What you need to do: Find the line with "54% of SMBs" in the records below, then please transcribe it and every later line exactly, omitting the pictures and adding nothing.
##### Extracted data #####
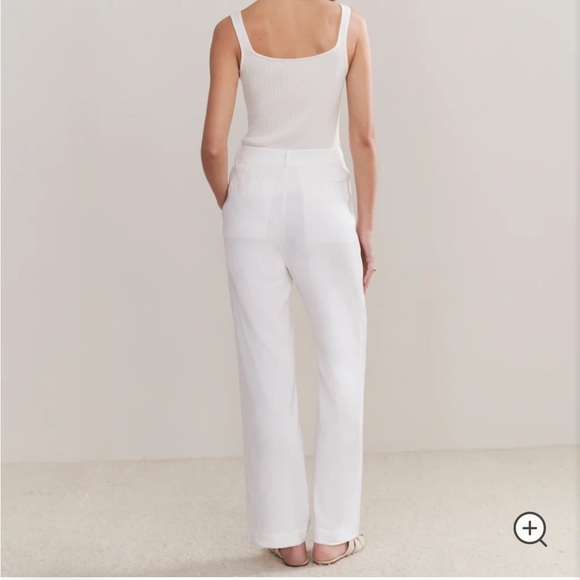 NEW Jenni Kayne Riley Trouser in White 2 - Picture 5 of 9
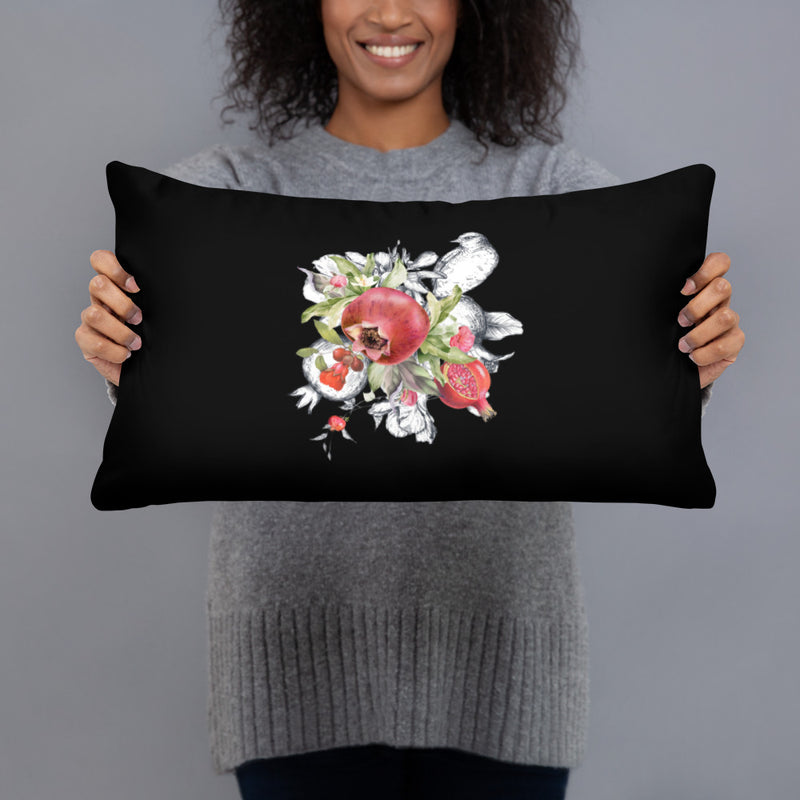 Armenian Symbols, Pomegranate, Throw Pillow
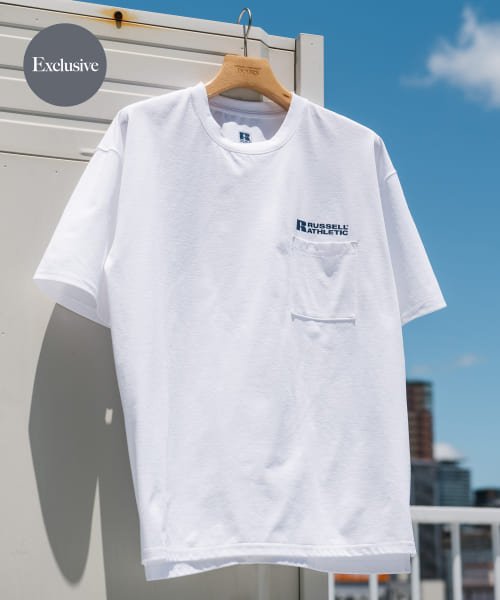 URBAN RESEARCH DOORS(アーバンリサーチドアーズ)/【予約】『別注』RUSSELL ATHLETIC×DOORS　DRY－POWER S/S T－shirts/WHITE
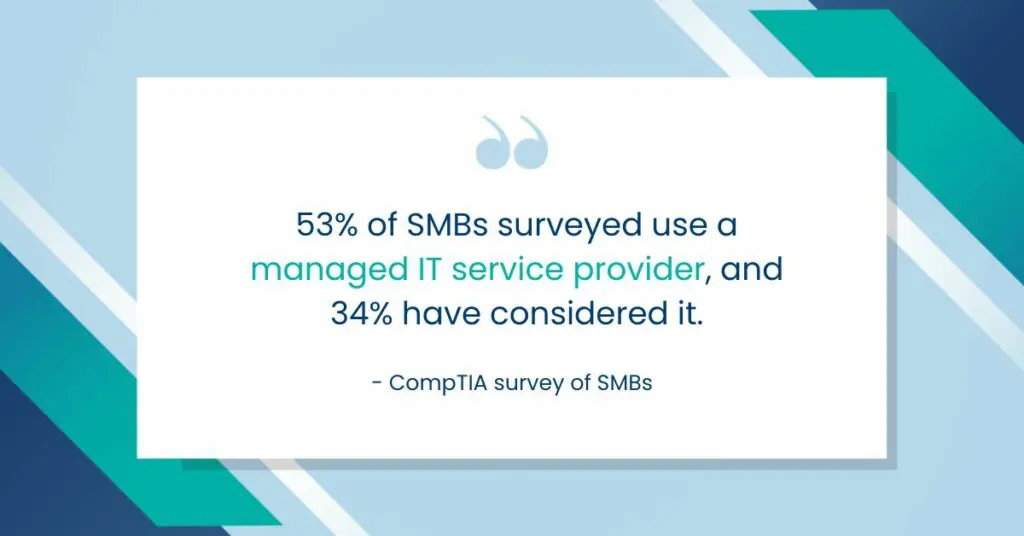 54% of SMBs use a managed IT service provider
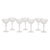 Glass Vintage Regency Fidenza Crystal Champagne Glasses, 1980s, Set of 7 For Sale - Image 7 of 18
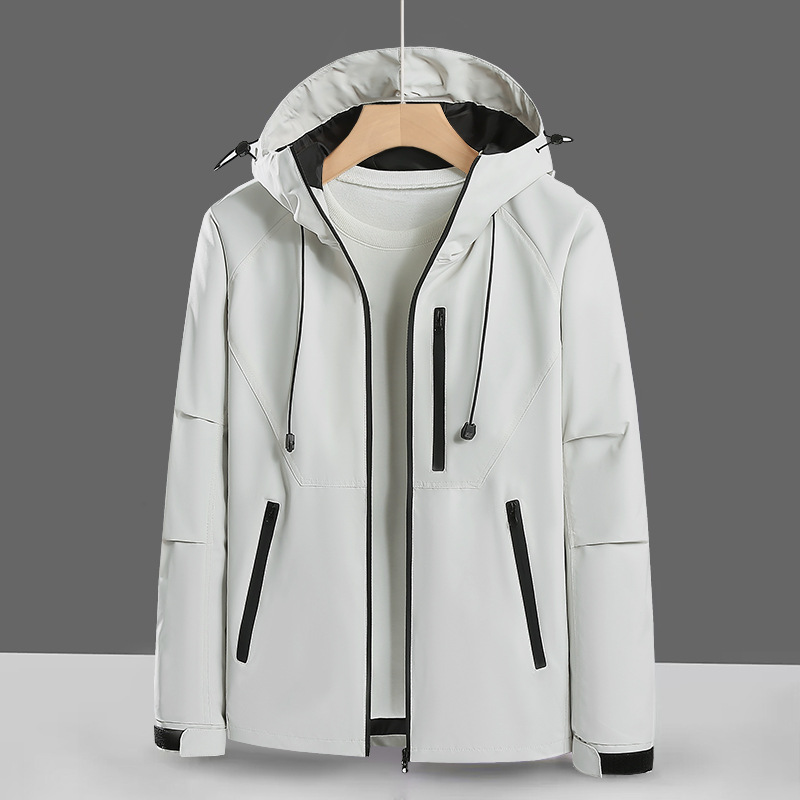 Montaña al aire libre a prueba de viento impermeable abrigo de vestir de asalto moda masculina primavera y otoño americano función de montaña chaqueta de trabajo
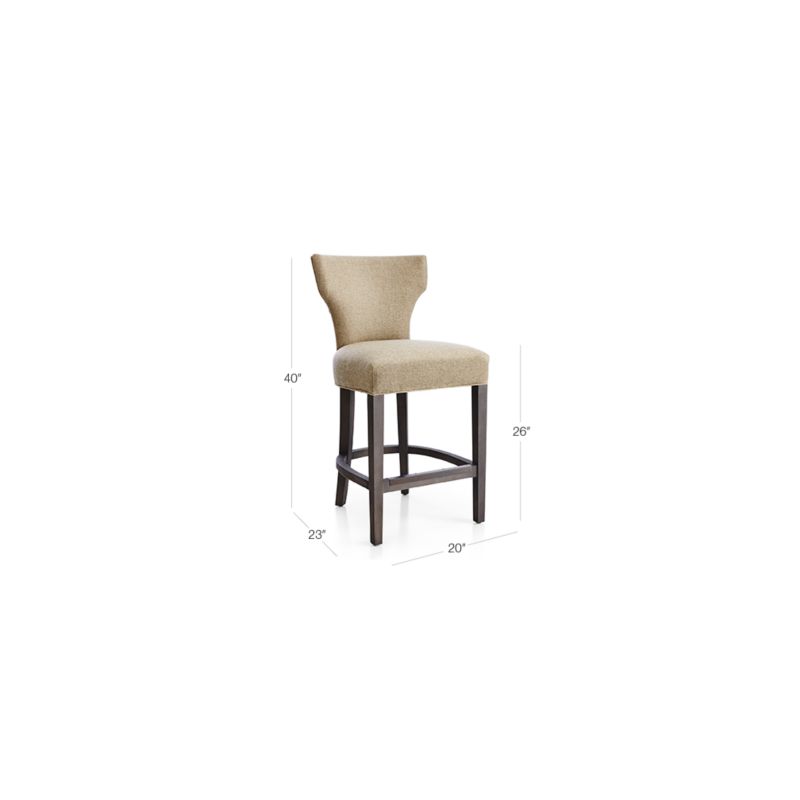 View Sasha Upholstered Counter Stool - image 2 of 6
#####
Solution to this exercise:
 54% of SMBs use a managed IT service provider
 Glass Vintage Regency Fidenza Crystal Champagne Glasses, 1980s, Set of 7 For Sale - Image 7 of 18
 Montaña al aire libre a prueba de viento impermeable abrigo de vestir de asalto moda masculina primavera y otoño americano función de montaña chaqueta de trabajo
 View Sasha Upholstered Counter Stool - image 2 of 6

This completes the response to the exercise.